Contrairement aux discours dominants, cela ne nuit pas à la productivité : en pouvoir d’achat réel par heure travaillée, l’Europe du Nord dépasse même les États-Unis.

Trois erreurs majeures dans les comparaisons économiques

Piketty critique la manière dont on mesure la « performance » des pays :

  1. Comparer les PIB sans corriger les prix (parité de pouvoir d’achat) surestime fortement les États-Unis.
  2. Oublier le temps de travail fausse les comparaisons de productivité.
  3. Se focaliser sur le PIB marchand en ignorant les indicateurs sociaux (espérance de vie, inégalités, climat) conduit à des décisions absurdes.

Résultat : l’Europe se sous-estime en permanence.

Une inquiétude forte : le sous-investissement récent

Depuis la crise de 2008, plusieurs pays européens (dont la France et l’Allemagne) ont réduit leurs investissements publics, notamment dans l’éducation et la recherche.
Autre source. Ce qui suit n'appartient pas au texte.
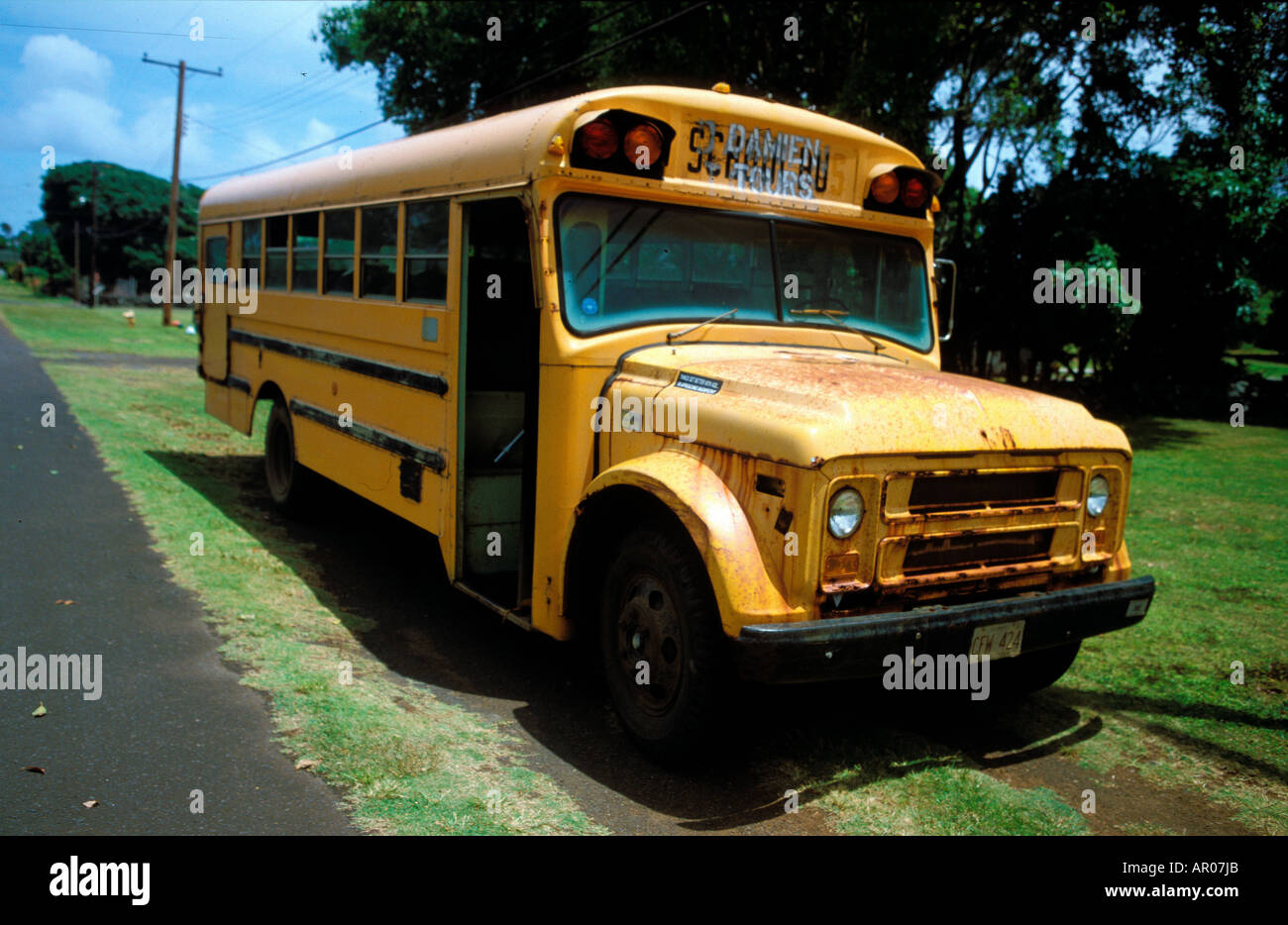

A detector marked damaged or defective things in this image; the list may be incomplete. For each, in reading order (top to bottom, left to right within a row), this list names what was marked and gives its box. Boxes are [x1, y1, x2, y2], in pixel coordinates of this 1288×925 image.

rusty yellow school bus [198, 83, 1157, 757] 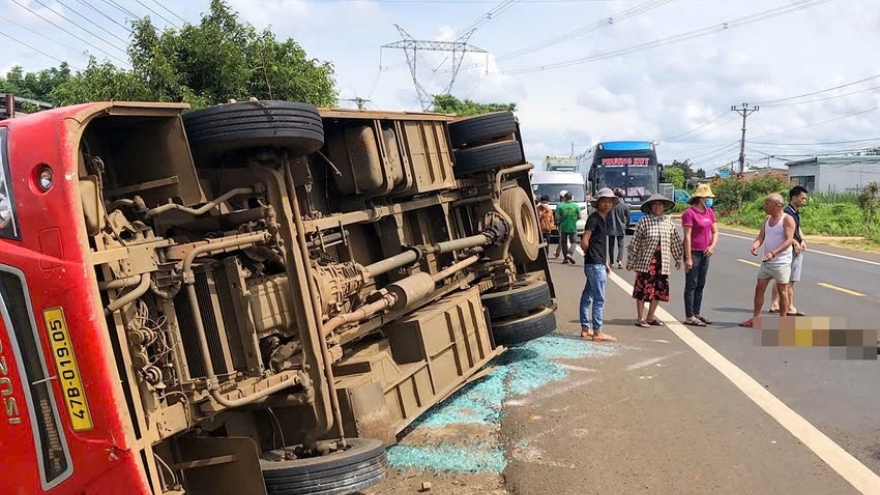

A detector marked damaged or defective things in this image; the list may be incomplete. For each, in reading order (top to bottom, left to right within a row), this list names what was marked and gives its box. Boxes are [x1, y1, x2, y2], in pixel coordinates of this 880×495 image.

overturned red truck [0, 101, 556, 495]
exposed truck undercarriage [75, 99, 556, 494] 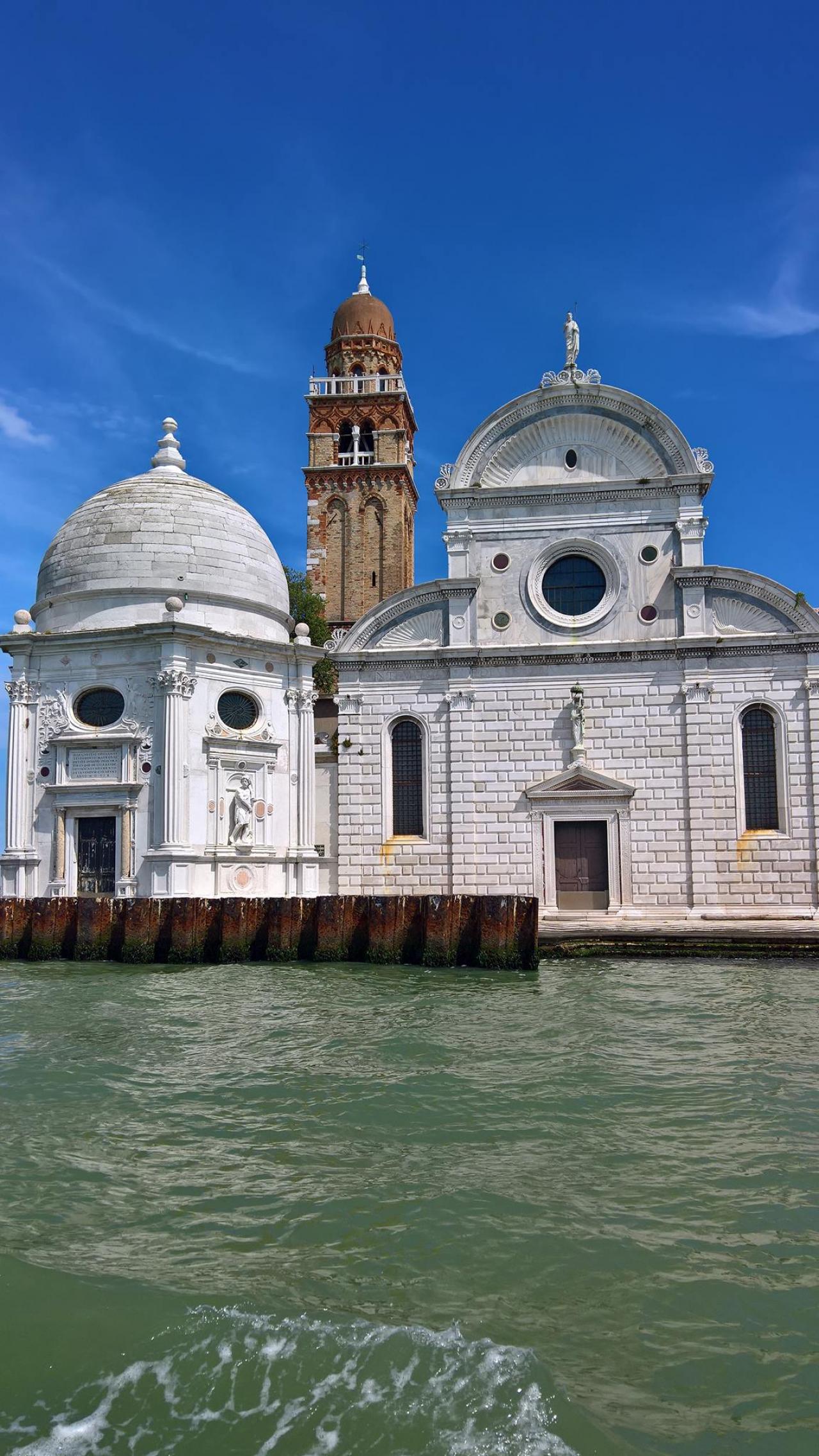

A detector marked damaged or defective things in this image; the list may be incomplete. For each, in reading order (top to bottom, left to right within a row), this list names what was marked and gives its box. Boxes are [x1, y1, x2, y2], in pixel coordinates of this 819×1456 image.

rusty metal seawall [0, 890, 539, 972] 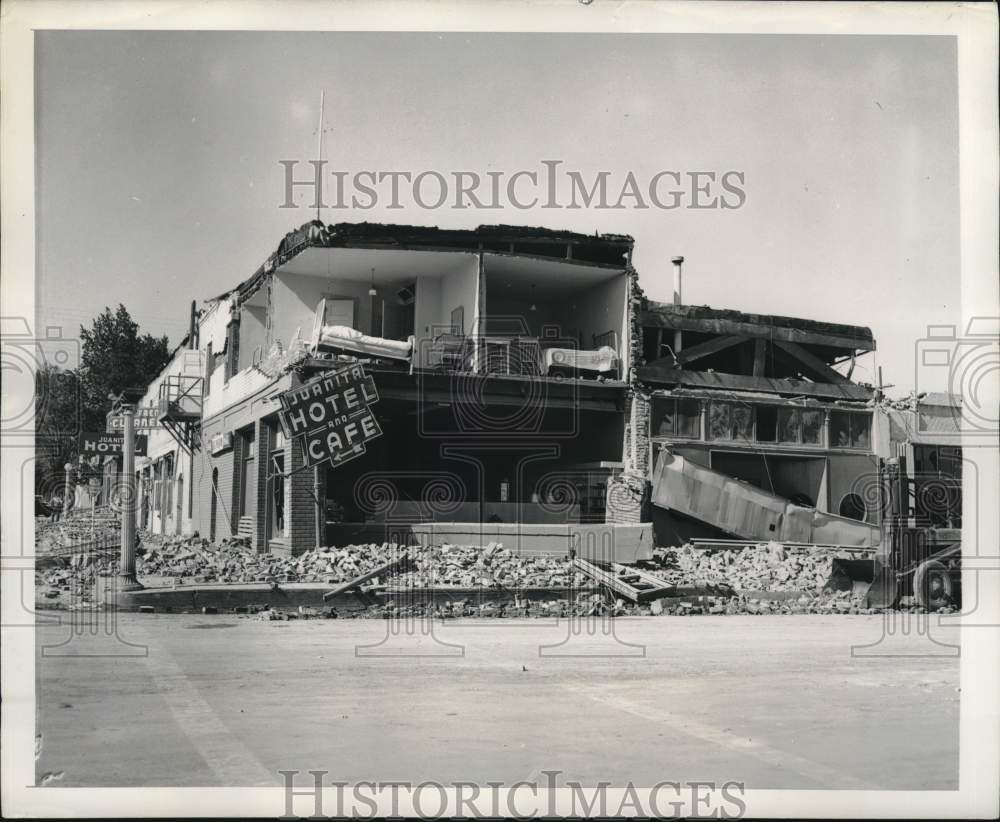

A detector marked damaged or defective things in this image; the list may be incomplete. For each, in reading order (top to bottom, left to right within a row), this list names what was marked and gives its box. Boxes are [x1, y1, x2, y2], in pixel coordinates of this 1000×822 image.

damaged two-story building [188, 222, 652, 560]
Pour Piketty, c’est une erreur stratégique majeure qui affaiblit l’avenir du continent.

Un projet politique à reconstruire

Piketty appelle l’Europe à :

  • défendre clairement son modèle social,
  • sortir des ambiguïtés du libre-échange (il critique notamment l’accord UE-Mercosur),
  • soutenir une fiscalité internationale sur les grandes fortunes et multinationales,
  • intégrer pleinement les enjeux climatiques et sociaux dans ses choix économiques.

En conclusion

L’Europe ne deviendra une vraie puissance mondiale qu’en assumant pleinement son identité sociale-démocrate, écologique et solidaire.

No Comment !

Laisser un commentaire

Votre adresse e-mail ne sera pas publiée. Les champs obligatoires sont indiqués avec *

Restez informés !

Abonnez-vous à la newsletter.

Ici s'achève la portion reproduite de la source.